→ Work to be completed
Write out exactly the line containing "栄養豊富で用途も広い「自家製冷凍根菜ミックス」で、時短朝ごはん！" along with each line that follows it in the records below, and no others.

→ Collected data
:::::

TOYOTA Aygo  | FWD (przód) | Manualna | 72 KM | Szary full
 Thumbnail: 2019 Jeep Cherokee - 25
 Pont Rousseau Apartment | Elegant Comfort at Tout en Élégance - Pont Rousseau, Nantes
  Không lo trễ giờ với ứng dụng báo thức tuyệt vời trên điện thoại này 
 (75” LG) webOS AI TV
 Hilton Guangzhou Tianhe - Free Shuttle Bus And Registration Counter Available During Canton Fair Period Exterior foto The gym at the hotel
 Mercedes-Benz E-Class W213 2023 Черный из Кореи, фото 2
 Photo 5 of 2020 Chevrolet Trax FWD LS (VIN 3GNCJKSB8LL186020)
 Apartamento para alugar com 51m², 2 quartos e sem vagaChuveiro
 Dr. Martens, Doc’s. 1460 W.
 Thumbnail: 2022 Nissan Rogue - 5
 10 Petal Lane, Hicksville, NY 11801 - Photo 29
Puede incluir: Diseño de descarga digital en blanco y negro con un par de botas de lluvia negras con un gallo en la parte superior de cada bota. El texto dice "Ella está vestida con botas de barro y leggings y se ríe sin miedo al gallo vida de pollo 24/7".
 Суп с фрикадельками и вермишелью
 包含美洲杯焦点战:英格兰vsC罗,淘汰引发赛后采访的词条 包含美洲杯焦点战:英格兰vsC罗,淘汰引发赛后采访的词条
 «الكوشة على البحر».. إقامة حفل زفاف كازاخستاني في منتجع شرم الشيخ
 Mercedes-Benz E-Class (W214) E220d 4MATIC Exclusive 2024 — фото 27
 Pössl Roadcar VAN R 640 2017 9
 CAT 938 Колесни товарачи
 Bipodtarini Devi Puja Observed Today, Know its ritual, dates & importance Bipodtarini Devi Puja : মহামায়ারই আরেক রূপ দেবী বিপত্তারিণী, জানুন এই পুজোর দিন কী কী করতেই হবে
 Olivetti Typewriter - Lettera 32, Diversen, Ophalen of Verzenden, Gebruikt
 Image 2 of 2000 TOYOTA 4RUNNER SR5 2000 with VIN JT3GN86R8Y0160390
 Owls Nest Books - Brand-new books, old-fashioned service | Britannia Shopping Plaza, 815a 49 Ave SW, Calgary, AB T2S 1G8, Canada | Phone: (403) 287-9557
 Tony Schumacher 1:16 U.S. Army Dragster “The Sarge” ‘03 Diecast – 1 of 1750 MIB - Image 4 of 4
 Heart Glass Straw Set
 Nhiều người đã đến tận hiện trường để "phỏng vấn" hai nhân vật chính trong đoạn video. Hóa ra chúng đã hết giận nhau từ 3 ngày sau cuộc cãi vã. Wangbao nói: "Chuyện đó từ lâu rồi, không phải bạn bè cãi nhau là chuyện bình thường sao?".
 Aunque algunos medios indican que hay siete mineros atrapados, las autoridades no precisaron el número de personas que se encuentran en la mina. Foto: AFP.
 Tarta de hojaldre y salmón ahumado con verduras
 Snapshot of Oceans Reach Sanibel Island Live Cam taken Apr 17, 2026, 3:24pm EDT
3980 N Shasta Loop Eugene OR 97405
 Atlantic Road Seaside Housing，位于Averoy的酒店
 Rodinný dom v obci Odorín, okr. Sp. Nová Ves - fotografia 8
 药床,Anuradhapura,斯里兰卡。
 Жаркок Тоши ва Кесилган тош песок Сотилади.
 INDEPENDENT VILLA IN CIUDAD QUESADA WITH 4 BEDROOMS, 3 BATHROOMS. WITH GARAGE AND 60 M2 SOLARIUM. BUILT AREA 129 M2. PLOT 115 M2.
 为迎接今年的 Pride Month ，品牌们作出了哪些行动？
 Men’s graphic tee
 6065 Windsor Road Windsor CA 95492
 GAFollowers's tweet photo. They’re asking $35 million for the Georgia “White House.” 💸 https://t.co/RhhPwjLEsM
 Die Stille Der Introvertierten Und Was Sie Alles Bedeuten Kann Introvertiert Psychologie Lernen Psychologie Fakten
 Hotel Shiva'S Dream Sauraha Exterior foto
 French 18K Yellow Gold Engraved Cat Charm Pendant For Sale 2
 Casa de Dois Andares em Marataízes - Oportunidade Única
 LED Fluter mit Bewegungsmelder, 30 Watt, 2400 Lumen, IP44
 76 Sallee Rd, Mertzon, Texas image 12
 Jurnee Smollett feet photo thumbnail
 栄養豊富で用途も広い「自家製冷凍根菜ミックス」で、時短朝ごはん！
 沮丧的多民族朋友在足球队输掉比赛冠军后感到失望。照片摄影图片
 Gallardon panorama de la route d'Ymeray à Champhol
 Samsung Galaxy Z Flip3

:::::

→ Task answer
 栄養豊富で用途も広い「自家製冷凍根菜ミックス」で、時短朝ごはん！
 沮丧的多民族朋友在足球队输掉比赛冠军后感到失望。照片摄影图片
 Gallardon panorama de la route d'Ymeray à Champhol
 Samsung Galaxy Z Flip3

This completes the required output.